[DATA IN THIS EXERCISE]:
========

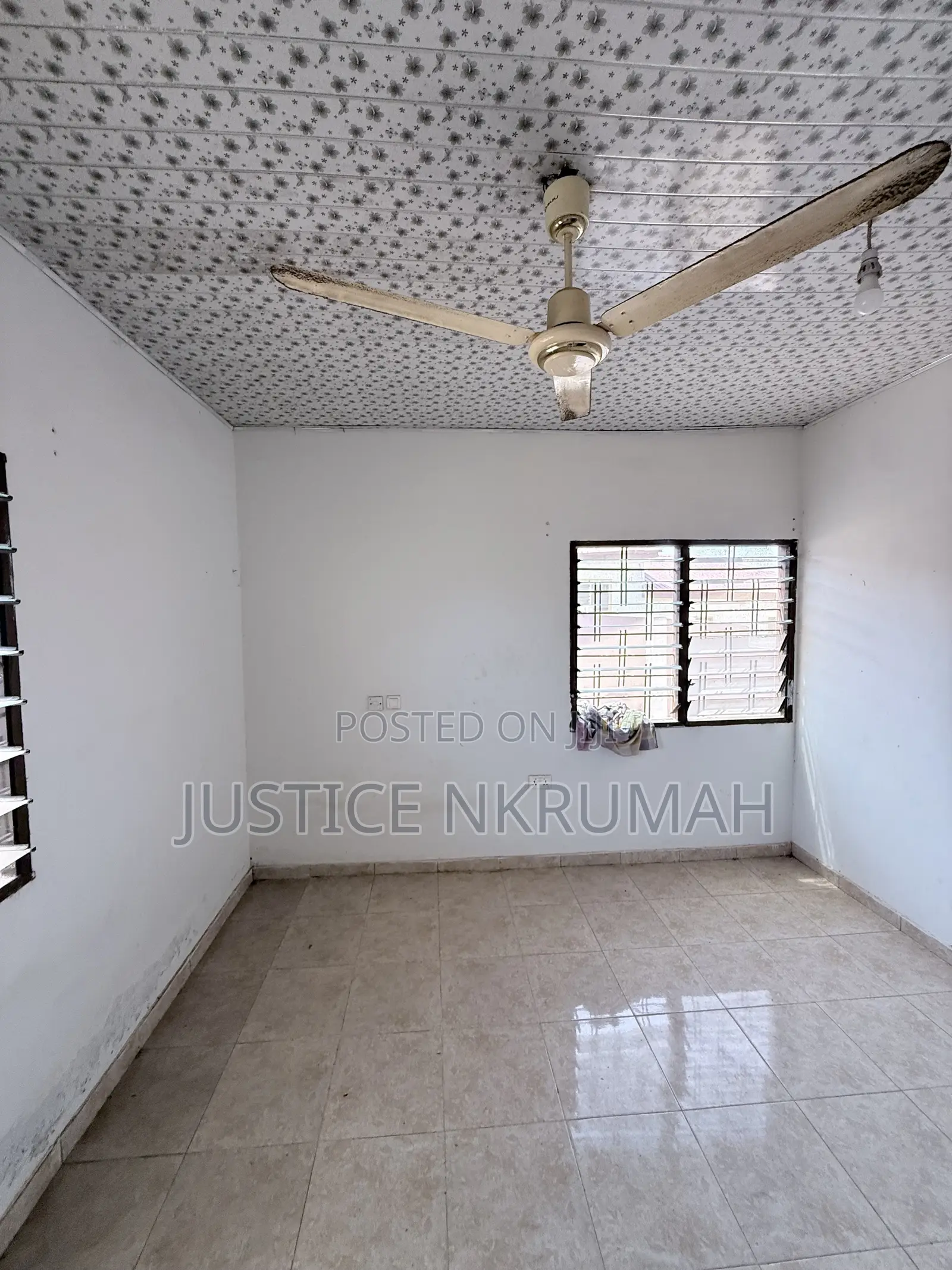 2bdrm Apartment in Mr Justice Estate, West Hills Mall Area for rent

========

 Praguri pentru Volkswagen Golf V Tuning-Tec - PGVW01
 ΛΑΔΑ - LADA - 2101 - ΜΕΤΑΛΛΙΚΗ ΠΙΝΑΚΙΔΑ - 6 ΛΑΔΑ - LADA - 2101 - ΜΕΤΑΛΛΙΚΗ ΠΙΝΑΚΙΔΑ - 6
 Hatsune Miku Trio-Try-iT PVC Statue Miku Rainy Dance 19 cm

========

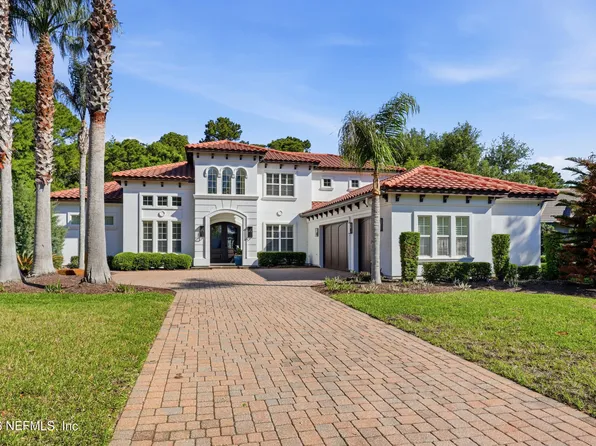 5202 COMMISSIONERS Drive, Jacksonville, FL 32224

========

[WHAT IS BEING ASKED]: Out of the data above, give again only the lines starting at the one holding "Praguri pentru Volkswagen" and ending at the one holding "Hatsune Miku Trio-Try-iT", unchanged.

[RESPONSE BOX]:
 Praguri pentru Volkswagen Golf V Tuning-Tec - PGVW01
 ΛΑΔΑ - LADA - 2101 - ΜΕΤΑΛΛΙΚΗ ΠΙΝΑΚΙΔΑ - 6 ΛΑΔΑ - LADA - 2101 - ΜΕΤΑΛΛΙΚΗ ΠΙΝΑΚΙΔΑ - 6
 Hatsune Miku Trio-Try-iT PVC Statue Miku Rainy Dance 19 cm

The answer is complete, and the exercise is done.